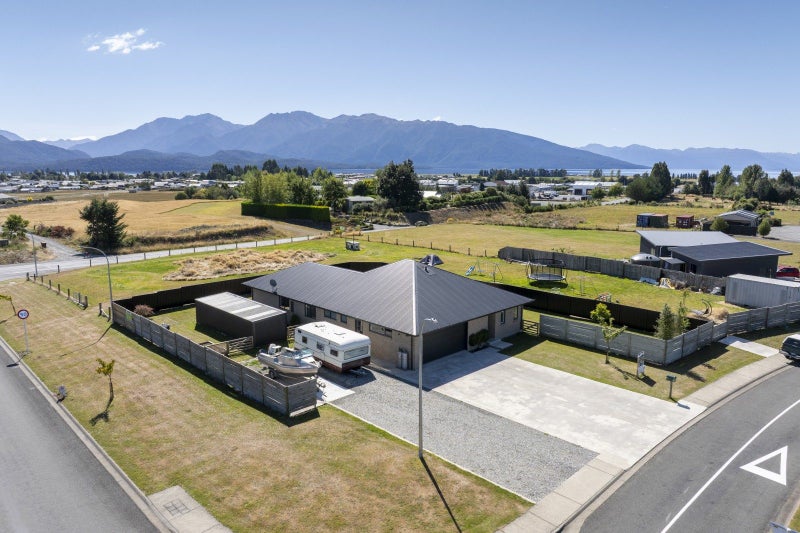 3 Bradley Court, Te Anau, Te Anau - Carousel 1
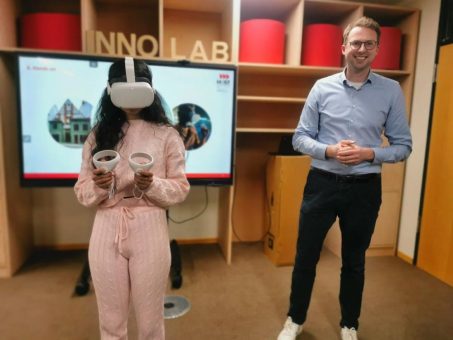 Hochschule Stralsund: Mit VR-Brillen in der Rechtsvorlesung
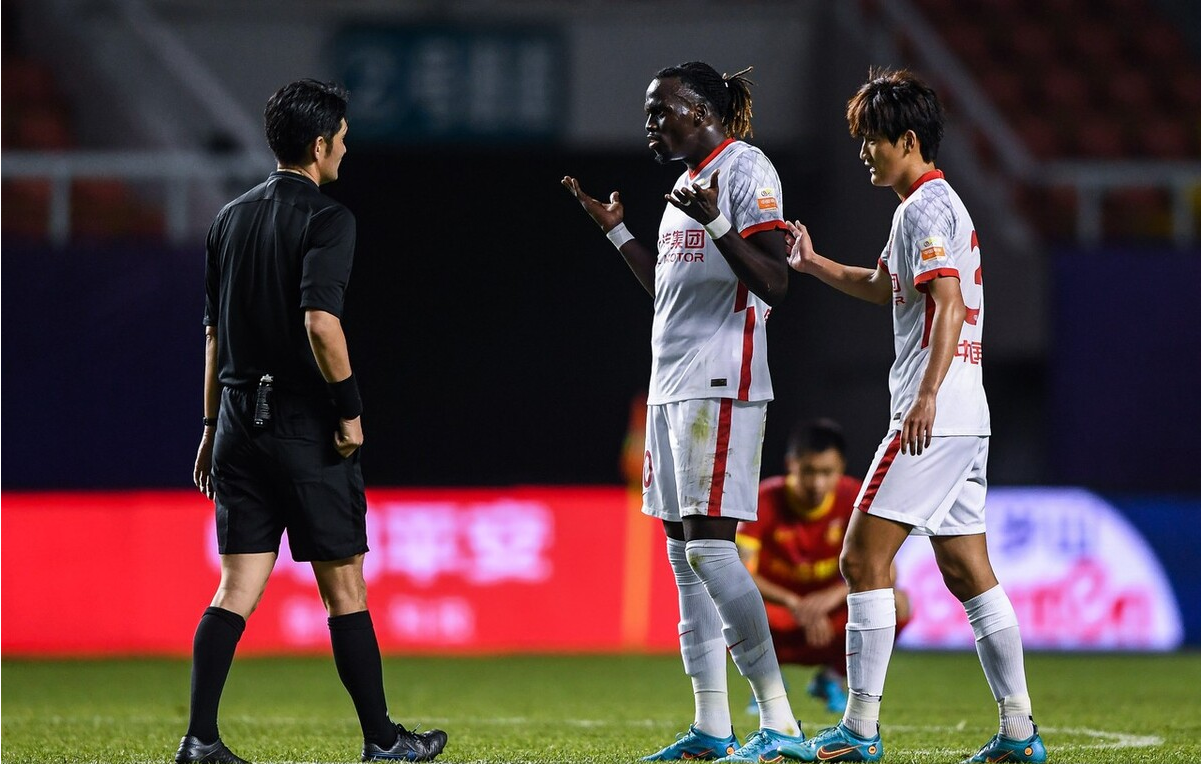 上港外援恩迪亚耶(上港买对人了!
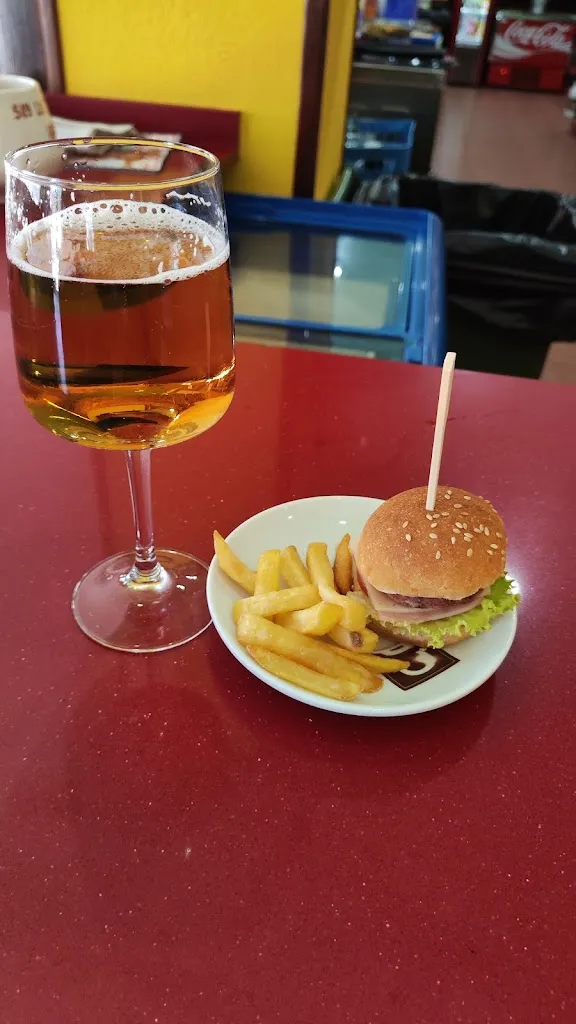 Ricardo Costas Iglesias_O Paseo_Cuntis_Bewertung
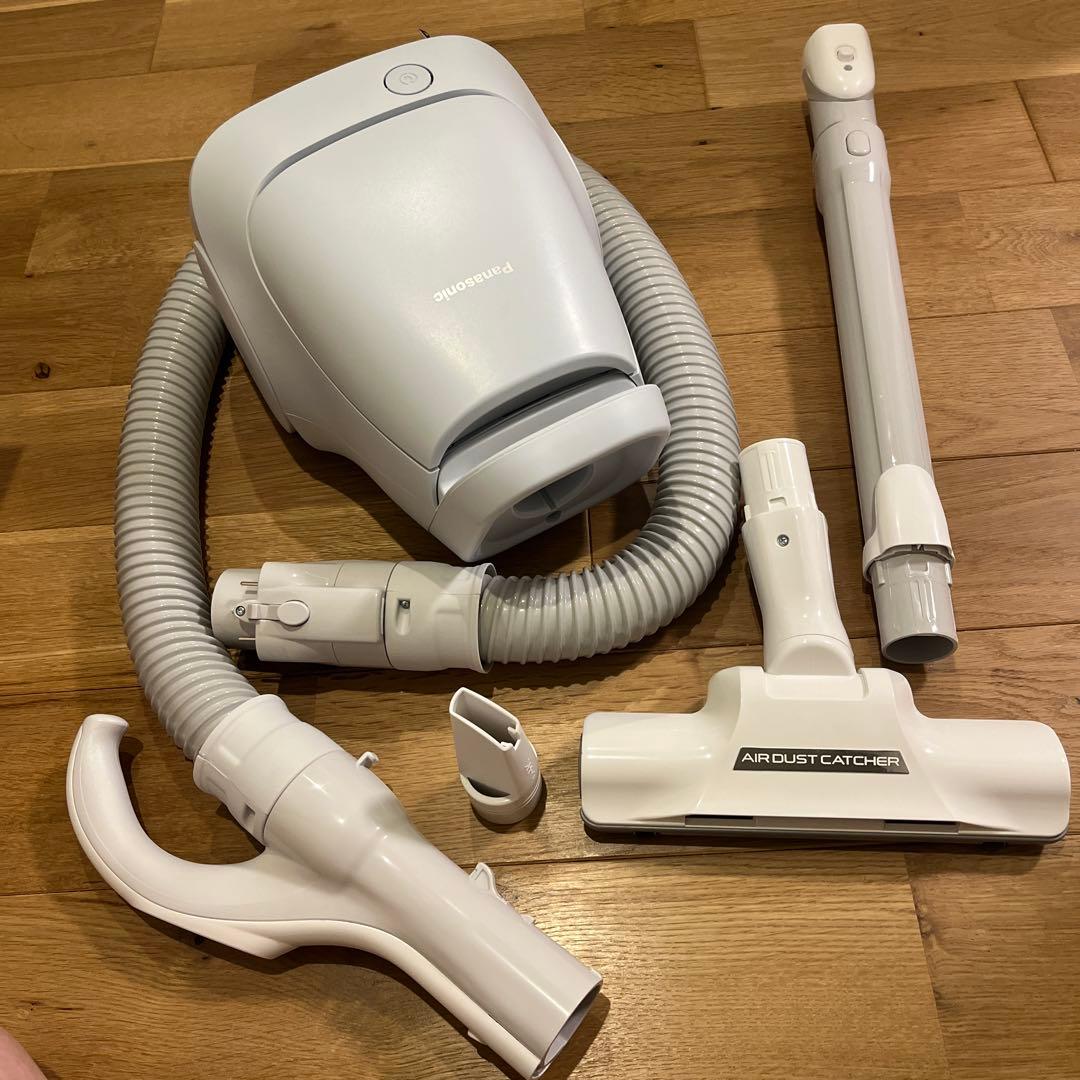 【未使用品】パナソニック 紙パッククリーナー MC-PJ24A-A 25年製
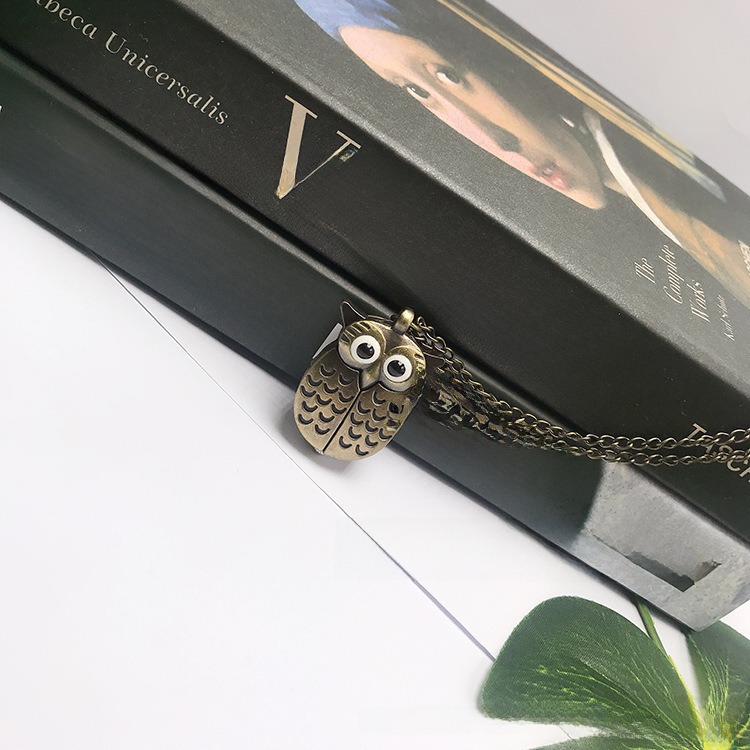 Retro owl pocket watch wings can be opened creative children's necklace watch fashion sweater chain digital quartz watch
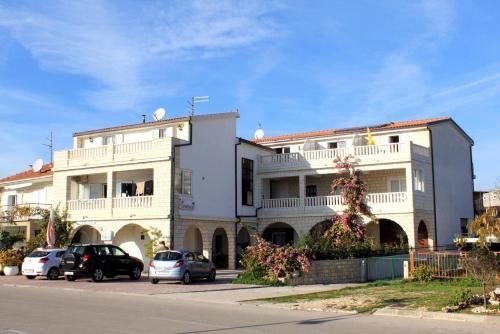 Apartment Rogoznica 1087e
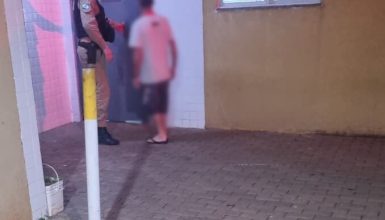 Briga de casal tem troca de agressões e caso vai parar na Delegacia Imagem referente a Briga de casal tem troca de agressões e caso vai parar na Delegacia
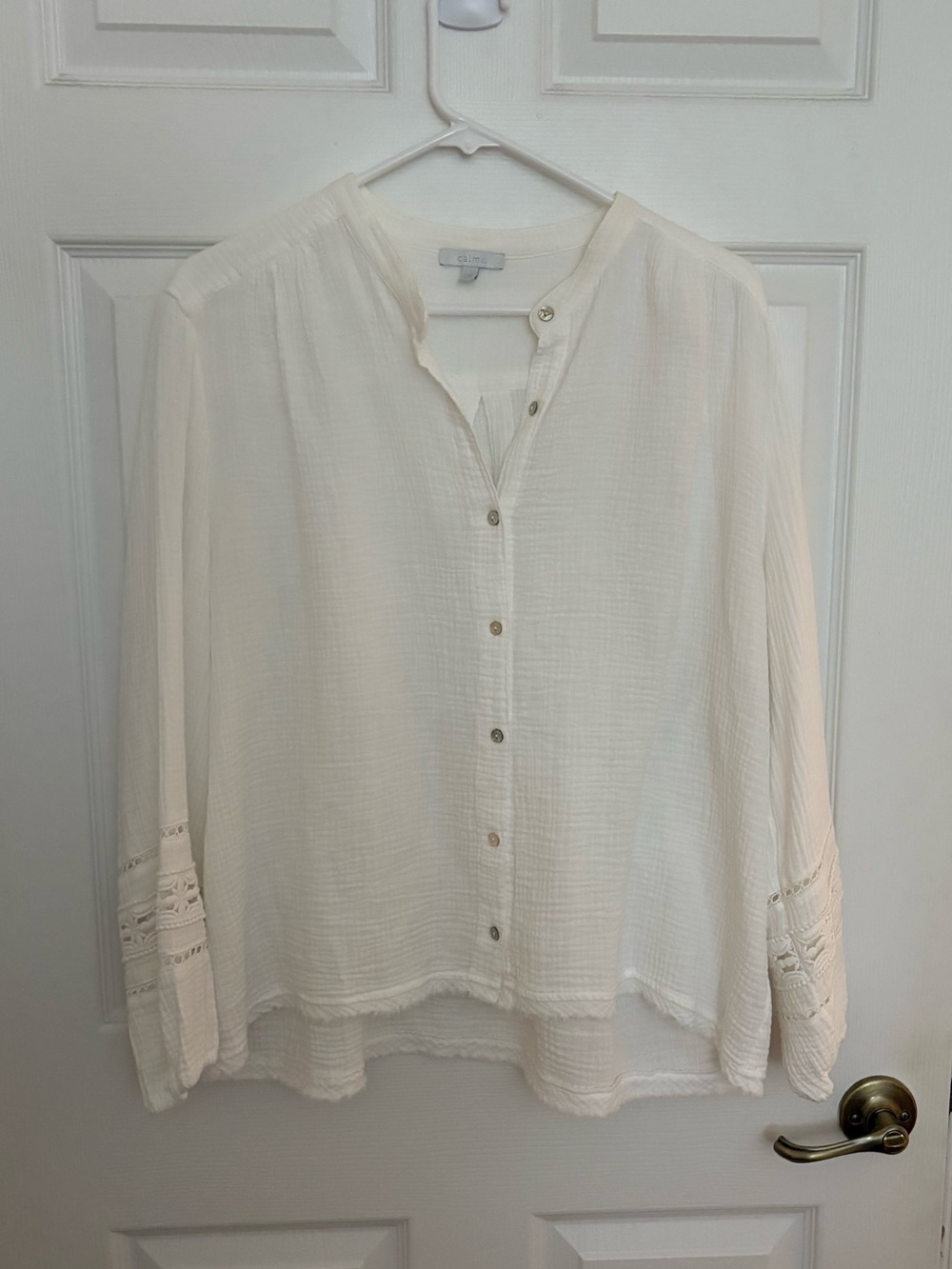 Lightweight Cream Button-Front Women's Blouse with Crochet Trim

──────

TASK TO COMPLETE:
Both ends included, copy the lines from the one holding "na Delegacia Imagem" to the last line of the entries exactly, with all pictures left out.

EXERCISE RESPONSE:
 Briga de casal tem troca de agressões e caso vai parar na Delegacia Imagem referente a Briga de casal tem troca de agressões e caso vai parar na Delegacia
 Lightweight Cream Button-Front Women's Blouse with Crochet Trim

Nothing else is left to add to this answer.